> [RECORDS FOR THE EXERCISE]:
+++

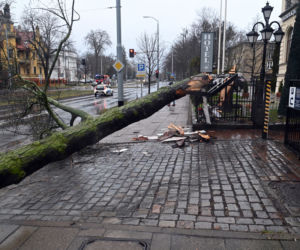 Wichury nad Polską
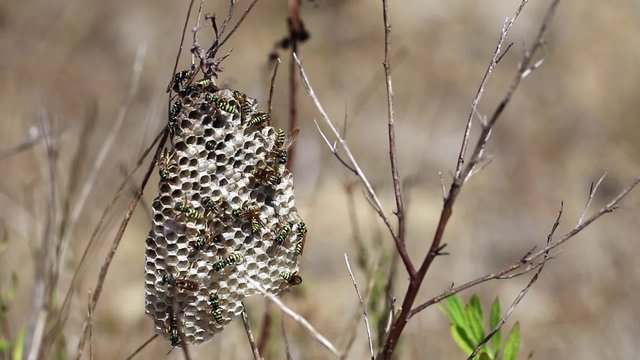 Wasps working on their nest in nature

+++

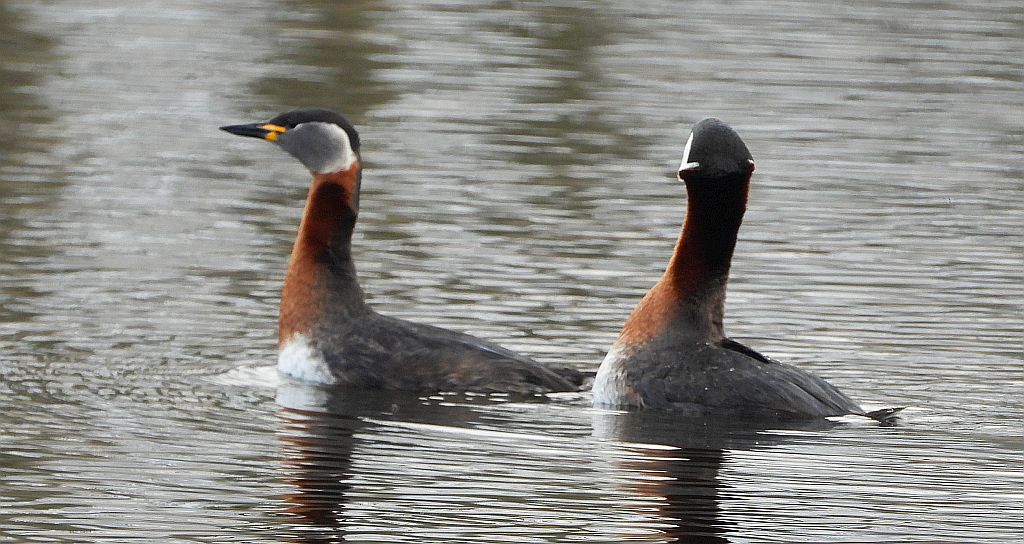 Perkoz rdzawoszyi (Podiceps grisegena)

+++

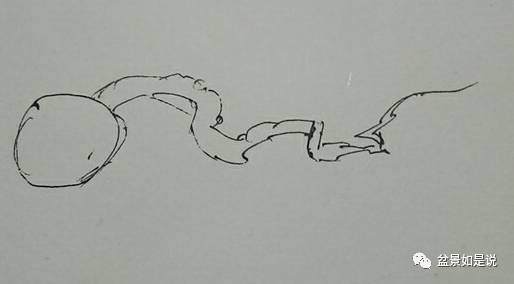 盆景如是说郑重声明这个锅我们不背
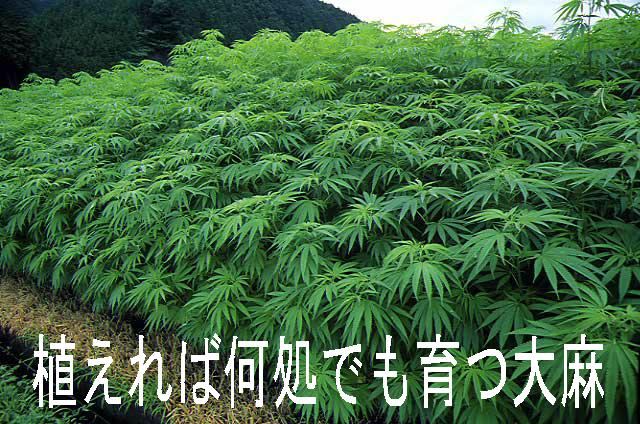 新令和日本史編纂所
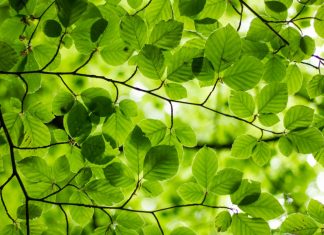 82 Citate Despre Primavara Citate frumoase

+++

> [TASK DIRECTIONS]: Working from the data above, repeat exactly, and only, the lines that begin at the line containing "Wichury nad Polską" and stop after the line containing "Wasps working on their nest in nature"; pictures are not copied.

> [EXERCISE RESPONSE]:
 Wichury nad Polską
 Wasps working on their nest in nature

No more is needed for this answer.